After seven long years of waiting, the Water Resources and Reform Development Act (WRRDA) has passed both houses of Congress. Once President Obama signs the Act into law, four projects that are part of the Comprehensive Everglades Restoration Plan (CERP) will be authorized and eligible for federal funding.
It is critical that new projects are authorized to continue progress in Everglades restoration. All projects that were authorized in 2007 (the last time this legislation was passed) are under construction, with many elements nearing completion. Work on this next set of projects must begin as soon as possible to help bring life back to the Everglades.
A big congratulations and thank you goes out to all Everglades advocates who worked to make this event a reality. Audubon applauds the impressive bi-partisan effort from Sen. Bill Nelson, Rep. Daniel Webster, Rep. Lois Frankel and others who stood strong for the Everglades.
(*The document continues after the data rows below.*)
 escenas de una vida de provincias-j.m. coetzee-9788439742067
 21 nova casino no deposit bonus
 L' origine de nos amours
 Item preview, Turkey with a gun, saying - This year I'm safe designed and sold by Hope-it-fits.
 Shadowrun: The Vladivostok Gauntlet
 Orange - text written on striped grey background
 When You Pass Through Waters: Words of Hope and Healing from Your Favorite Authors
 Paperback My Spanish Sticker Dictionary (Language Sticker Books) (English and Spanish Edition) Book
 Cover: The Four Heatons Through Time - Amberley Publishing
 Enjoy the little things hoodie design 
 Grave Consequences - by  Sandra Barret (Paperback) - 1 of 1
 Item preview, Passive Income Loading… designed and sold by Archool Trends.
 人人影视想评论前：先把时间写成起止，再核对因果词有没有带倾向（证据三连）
Unfortunately, the Central Everglades Planning Project (CEPP) is not included in WRRDA. CEPP is Audubon’s top restoration project priority and will finally reconnect the heart of the Everglades, from Lake Okeechobee to Florida Bay. Audubon will need your help to make sure it is not another 7 years before CEPP is authorized. Be sure to follow us on Twitter and Facebook for updates as we advocate for this important project.
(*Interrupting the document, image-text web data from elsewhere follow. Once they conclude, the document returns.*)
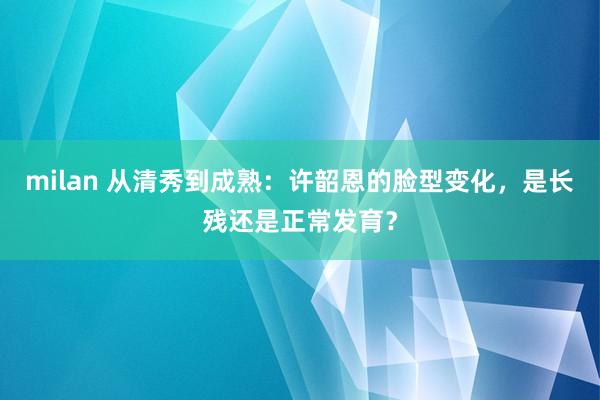 milan 从清秀到成熟：许韶恩的脸型变化，是长残还是正常发育？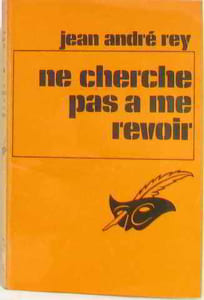 Ne cherche pas à me revoir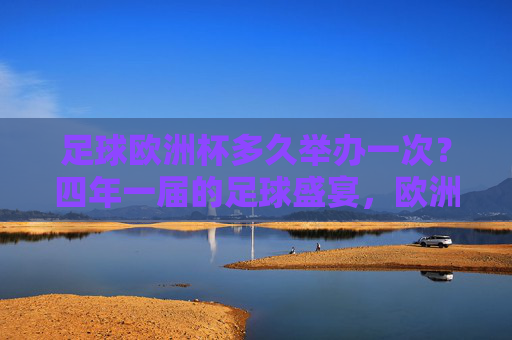 足球欧洲杯多久举办一次？四年一届的足球盛宴，欧洲杯，四年一届的足球盛宴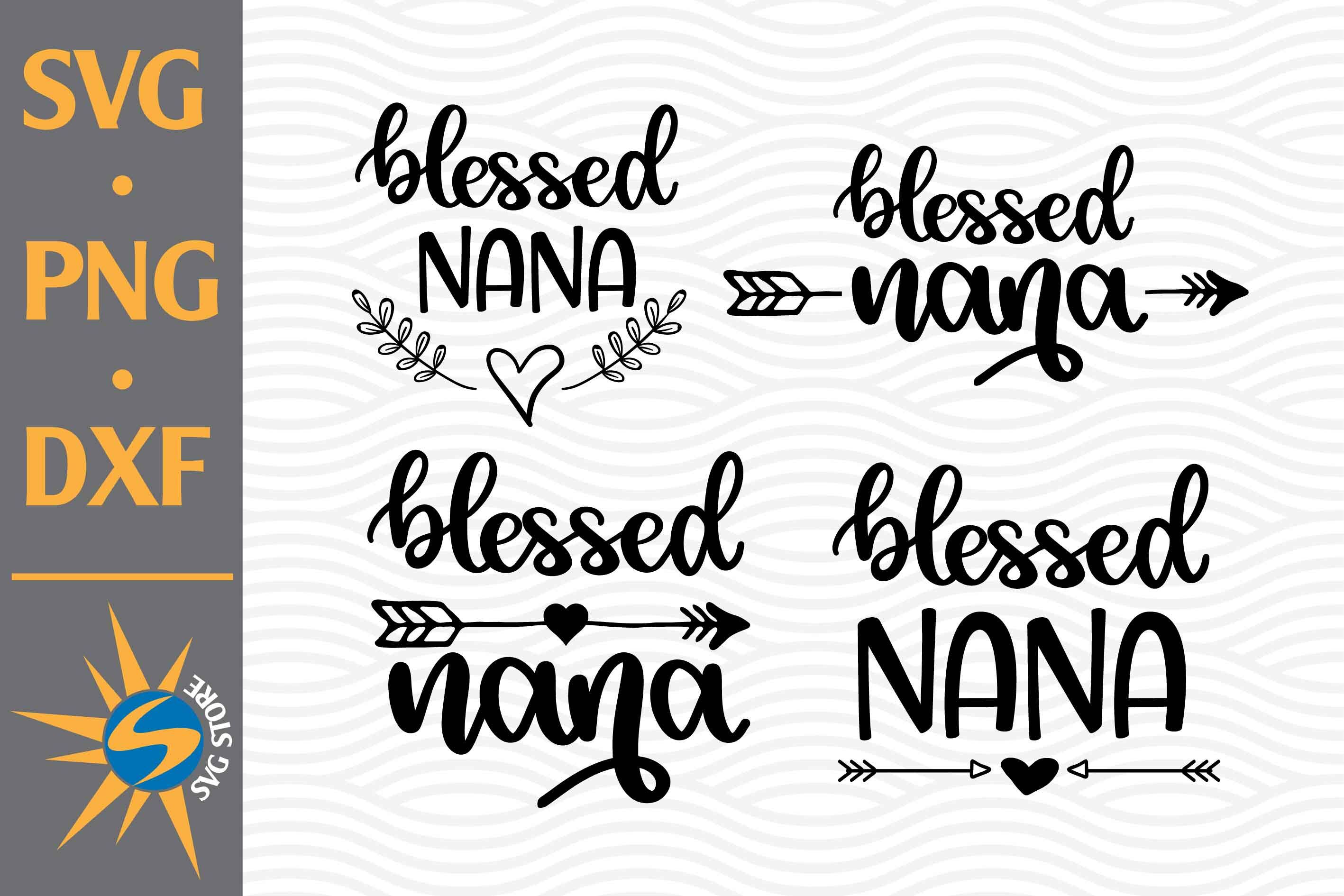 Download Blessed Nana Svg Png Dxf Digital Files Include By Svgstoreshop Thehungryjpeg Com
Information on the four projects that made the cut:
C-111 Spreader Canal
Utilizing almost a century of Roseate Spoonbill nesting data, Audubon science staff have found that the C-111 Spreader Canal restoration project can have an immediate impact to benefit this iconic species, and all wildlife in Florida Bay.
Broward County Water Preserve Area
One of the major goals of restoration is to increase the acres of wetland habitat in the Everglades. In the 1990s, Audubon developed a serious of project proposals, including the Broward Water Preserve Areas, to do just that. This is one of the few restoration projects that will truly create new wetlands that serve as foraging habitat for wading birds.
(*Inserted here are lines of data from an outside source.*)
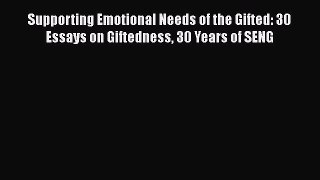 Read Supporting Emotional Needs of the Gifted: 30 Essays on Giftedness 30 Years of SENG Ebook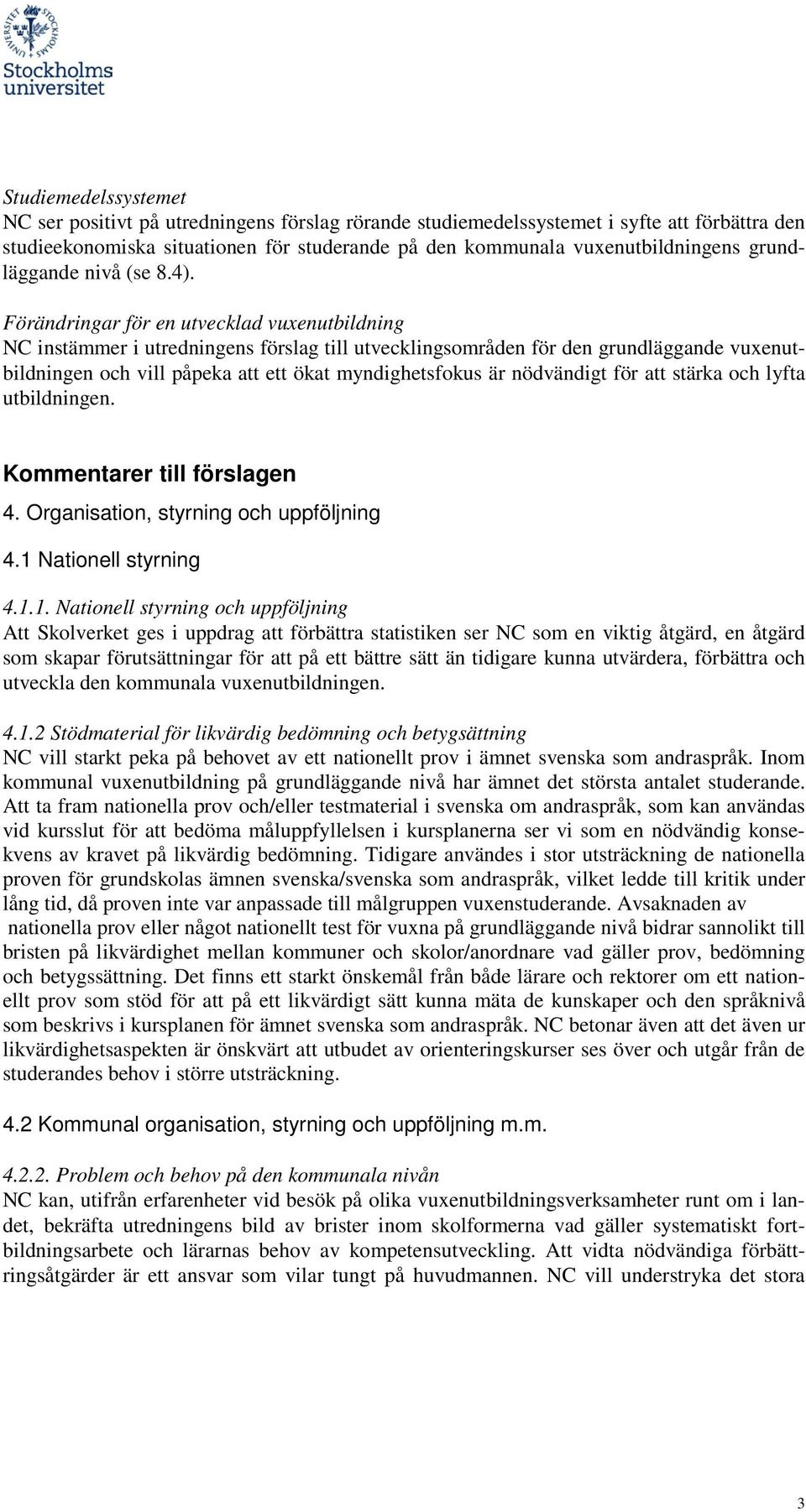 Förändringar för en utvecklad vuxenutbildning NC instämmer i utredningens förslag till utvecklingsområden för den grundläggande vuxenutbildningen och vill påpeka att ett ökat myndighetsfokus är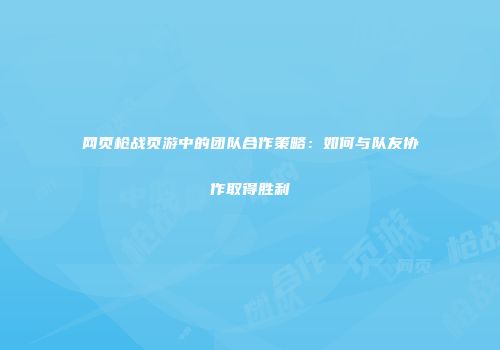 网页枪战页游中的团队合作策略：如何与队友协作取得胜利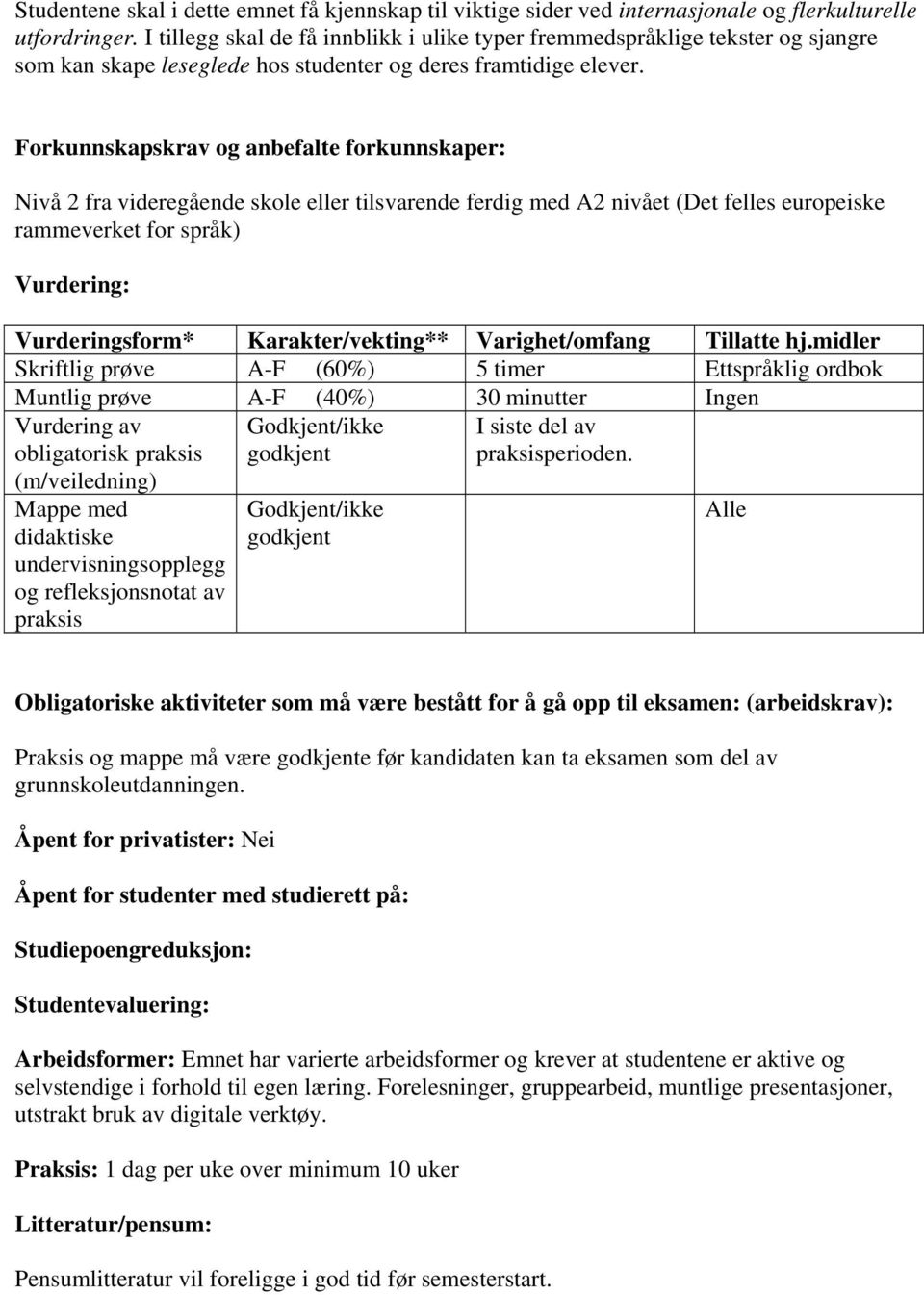 Forkunnskapskrav og anbefalte forkunnskaper: Nivå 2 fra videregående skole eller tilsvarende ferdig med A2 nivået (Det felles europeiske rammeverket for språk) Vurdering: Vurderingsform*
Biscayne Bay Coastal Wetlands
As the only CERP project dedicated to benefiting Biscayne Bay, this effort will rehydrate coastal wetlands and improve the health of this highly productive estuary for birds, commercial fisheries, shrimp, and shellfish. You can learn more about this project by visiting the CERP website.
C-43 Caloosahatchee Reservoir
When water from Lake Okeechobee is scarce, the Caloosahatchee Estuary is in need of another source of freshwater that can balance the delicate salinity levels that create favorable conditions for 40% of Florida’s rare, threatened or endangered species. The C-43 West Basin Storage Reservoir will capture and store basin stormwater, along with a portion of water discharged from Lake Okeechobee.